Amerykanie są wyczuleni na złe funkcjonowanie elektronicznych urządzeń do głosowania. Osiem lat temu technologiczne fiasko doprowadziło do historycznej decyzji Sądu Najwyższego o zakończeniu przeliczania wątpliwych głosów na Florydzie. To z kolei zagwarantowało George'owi W. Bushowi zwycięstwo.
Szturm na lokale wyborcze
By oddać głos, niektórzy spędzili w kolejce pięć godzin. W stanie Nowy Jork pierwsi wyborcy pojawili się już o 4 rano czasu miejscowego. W Wirginii sąd oddalił wniosek o przedłużenie godzin otwarcia lokali wyborczych lub dodanie maszyn do głosowania w rejonach zamieszkanych przez czarnoskórą ludność. Domagało się tego Stowarzyszenie na rzecz Postępu Osób Kolorowych argumentując, że spodziewa się nadzwyczajnej frekwencji.
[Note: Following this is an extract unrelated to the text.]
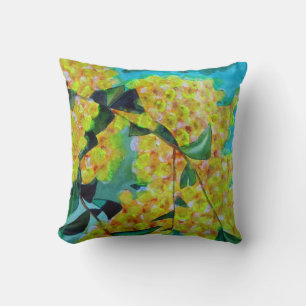 Yellow Wattle Australian native flower art pillow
O cierpliwość apelował do wyborców gubernator Pensylwanii Ed Rendell. Przed kościołem prezbiteriańskim w Allentown, gdzie zorganizowano punkt wyborczy, jeszcze przed otwarciem ustawiło się w kolejce 160 ludzi.
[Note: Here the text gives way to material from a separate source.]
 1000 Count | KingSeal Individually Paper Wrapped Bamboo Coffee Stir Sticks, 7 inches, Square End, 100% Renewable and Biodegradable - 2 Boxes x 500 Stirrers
"Jak żyję, nie widziałam czegoś takiego"
Podobnie było w Missouri, jednym z kluczowych stanów, gdzie do ostatnich minut będą ważyły się wyniki głosowania. 78-letnia Norma Storms z Raytown powiedziała, że droga podjazdowa do jej domu została dosłownie zastawiona samochodami wyborców, którzy nie dostali się na pobliskie parkingi. - Jak żyję nie widziałam czegoś takiego - podsumowała.
Jak żyję nie widziałam czegoś takiego 78-letnia Norma Storms z Raytown
Z najbardziej osobliwym być może utrudnieniem musieli zmierzyć się wyborcy w dwóch punktach w St. Paul w Minnesocie. Ponad godzinę nie było tam elektryczności, ponieważ samochód uszkodził słup sieci energetycznej.
Skargi obserwatorów
Fort Lauderdale, Floryda. Tam, grupa europejskich obserwatorów z Organizacji Bezpieczeństwa i Współpracy w Europie (OBWE) została wpuszczona tylko do jednego lokalu wyborczego. - Uważamy takie postępowanie za niedopuszczalne - oświadczył towarzyszący grupie niemiecki parlamentarzysta Patrick Meinhardt. - Delegacji obserwatorów nie wolno narzucać, które lokale wyborcze ma odwiedzić, nie mówiąc już o tym, żeby wskazywać, których lokali nie wolno jej odwiedzić.